While being firmly of the opinion that notice should be given to all interested parties and being of equally firm opinion that once notice is properly given they would be bound by the award if they failed to appear, it is still recognized that here different divisions are involved, and that the Carmen would be unable to appear. We would therefore be bound by the doctrine of what cannot be done becomes a useless and idle gesture, and need not be done, and would pass on to the other issues.
However, the third party notice issue is not before us. The mere claim of third party interest by a litigant is not conclusive of that interest. The same is true if the third party had filed the original petition to intervene. The right to intervention and notice arises only when this board decrees there is a conflict. Award 7785 would also appear in point. The question of third party intervention, and notice not having been raised originally, has no place here.
L.C.L,Less Than Carload Shipments. Much has been said in regard to less than carload shipments, the doctrine being advanced that if this could be construed as a less than carload shipment classification (based on the knowledge that usually two trailers were carried on one flat car) then the work would become per se work of the complainant. The L.C.L, argument was further expanded that the package freight inside the van was in reality the former L.C.L. freight that had passed across the platform and in essence the platform had merely been projected to the shipper's factory where the organization should place the freight on the van. The facts do not sustain the contention. Judicial notice is taken that railroads have suffered a declining patronage, losing freight shipments in all categories except those which because of weight and bulk cannot be otherwise shipped. Here the freight is loaded in a trailer and can be, per se, otherwise shipped. It is business potentially lost by the railroad, and therefore lost to all carriers and organizations alike, which has been reclaimed for the railroad by the "piggy-back" operation. The truckmen, store and stock room truckers, freight handlers, stowmen, and hookers-on referred to in the Scope section are basically handlers of freight. Here, whenever the carrier has freight to move, they move it,-they would move it (if moved by the carrier) in carload-lots, or in less-than-car-load-lots. They are experts that can move anything from grandma's fish bowl to what have you. The shipper will bring it to the Carrier, and they will move it. Being good craftsmen, when they have moved it, they will tie it down, brace it, and block it for transit. But the tying down, the bracing, and blocking is incidental to the moving of this freight. It is the handling and the moving which controls the work. If there is no handling or moving required, then this claimant has no claim to the incidental tying, bracing or blocking. 8496-20 494
The same would be true of protecting a shipment from the weather. If the claimant were to load it, he would do what was necessary to make it ready for shipment and place tarps or other protective covering over the shipment. But the claimant not being in a position to have to move the shipment, he has no claim. He is in the same position as he would be with respect to any other large self-propelled equipment which is placed on the carrier by the owner. He does not have to move it, and therefore he has no claim. The job at which the claimant is skilled, namely moving and storing, has been done by the shipper. The trailer has been sealed prior to its being brought on the property and dropped on the freight car.

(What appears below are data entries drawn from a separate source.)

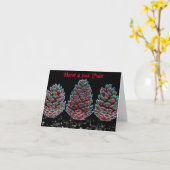 ファンキー松円錐ユール（キリスト降誕祭） カード (黄色い花)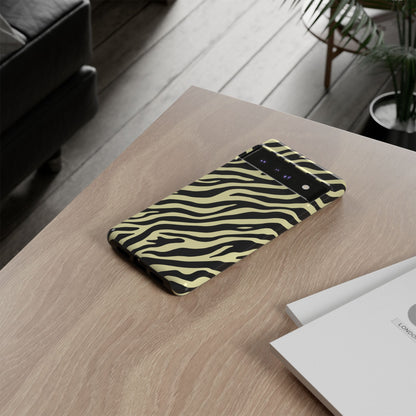 Stylish Neutral Zebra Print Phone Case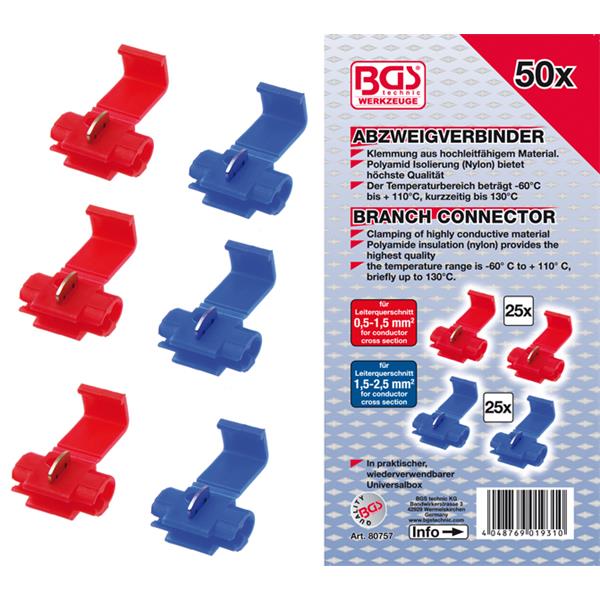 BGS 80757 Branch Connector Set, 50 pcs. 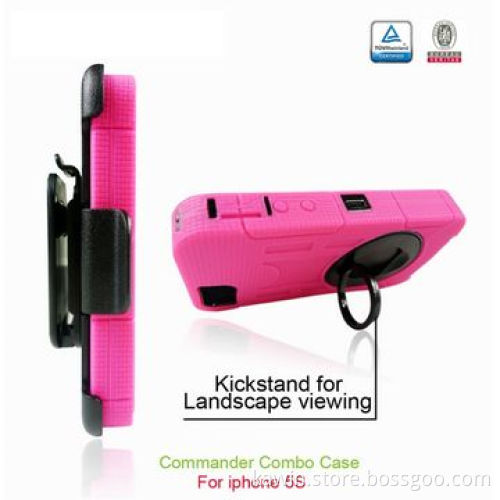 Commander 2-in-1 PC+Silicone Cover for Apple iPhone 5G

The over-the-road trucking is definitely not the work of the claimant, Brotherhood of Railway and Steamship Clerks, and the logical end of the over-the-road function is dropping the load where it will require the least effort for future shipment. If he drops the load on the property, for delivery to the Carrier, then it is the claimant's work to place that load (trailer) on the flat car and tie it down. But if, as here, it is the simplest and most economic procedure to drop the load (trailer) directly on the flat car, then there is no work for the claimant.
As to the number of vans on the flat car, this is immaterial, as they are not moved by the carrier. It is hoped that before long three will grow where two grew before and that both carriers and organizations will prosper. Improvements will change both size and character of equipment, but it is the nature of the work and responsibility that governs.
Seniority. The argument has been made regarding seniority, and application of rules 23, 24, 26. In view of the foregoing, these have no application.
Containers. The argument is made that the trailers used in "piggy-back" operations are in essence containers which come under claimant's jurisdiction. They are containers, as are freight cars, tank cars, and all other box type articles, but being a container has no magic. It is only when the container must be moved onto the cars, or off the cars, by the carrier, that the claimant gains jurisdiction.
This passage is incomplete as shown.